Uran jest widzialny gołym okiem, jednak ze względu na swój powolny ruch na sferze niebieskiej oraz stosunkowo niską jasność, nie został odkryty w czasach starożytnych. Dopiero w 1781 roku, a dokładniej 13 marca, sir William Herschel ogłosił, że odkrył nową planetę na nieboskłonie. Było to pierwsze odkrycie planety w czasach nowożytnych, które rozszerzyło Układ Słoneczny o nowego członka. Odkrycia sir Herschel dokonał za pomocą teleskopu, co czyni je jeszcze bardziej wyjątkowym. Nikt bowiem wcześniej nie odkrył planety za pomocą teleskopu.
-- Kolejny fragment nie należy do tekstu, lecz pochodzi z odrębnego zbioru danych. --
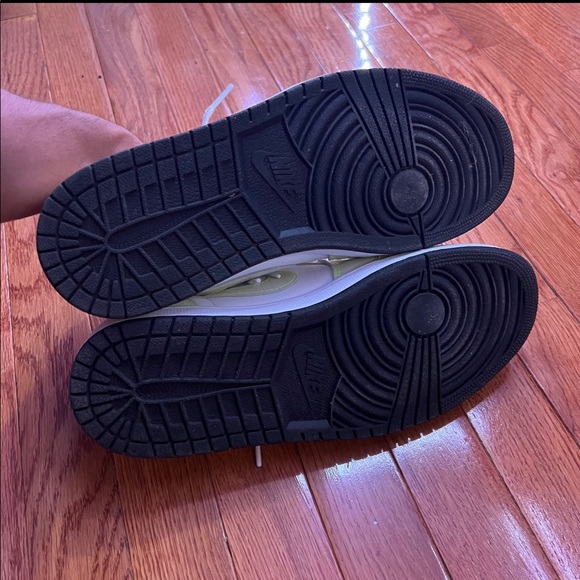 Jordan 1 low OG ghost green - Picture 6 of 6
Uran, zaliczany do gazowych olbrzymów, zawiera w swej budowie ogromne ilości gazów. Jego atmosfera zbudowana jest głównie z wodoru i helu, a także z zamrożonych substancji lotnych, tak zwanych lodów. Te substancje to woda, amoniak i metan, a także śladowe ilości węglowodorów. I właśnie ten element sprawił, że Uran często nazywany jest lodowym olbrzymem. Atmosfera Urana jest najzimniejszą ze wszystkich w Układzie. Jej temperatura wynosi minus 224 stopnie Celsjusza. Naukowcy uważają, że najwyższą warstwę atmosfery planety stanowią kryształki metanu, a najniższą woda. Sama powierzchnia planety składa się z lodu i skał.
Wokół Urana krążą pierścienie, magnetosfera i liczne księżyce. Co ciekawe, Uran jako jedyny ma bardzo nachyloną oś obrotu prawie do płaszczyzny orbity planety. Wygląda to tak, jakby się kręcił „na leżąco”, gdyż jego biegun północny i południowy leżą tam, gdzie inne planety mają równiki. Jest to unikatowa sytuacja w Układzie Słonecznym, a powód takiej orbity nie jest znany. Istnieją hipotezy o uderzeniu z protoplanetą, które nadało taki obrót planety.
Dotychczasowe zdjęcia z sond kosmicznych pokazują Urana jako w zasadzie pozbawioną jakiejkolwiek różnorodności na powierzchni, co nie pokrywa się z obrazem innych planet, które zaliczane są do gazowych olbrzymów. Tymczasem ostatnio zaobserwowano zmiany pogodowe oraz coś, co mogłoby być porami roku. Zjawiska te związane były z następowaniem równonocy, która trwa 42 lata. Później następuje najdłuższy dzień (lub noc), który trwa dokładnie tyle samo. Urana nie jest pozbawiona wiatrów, które mogą osiągać prędkość nawet do 900 kilometrów na godzinę.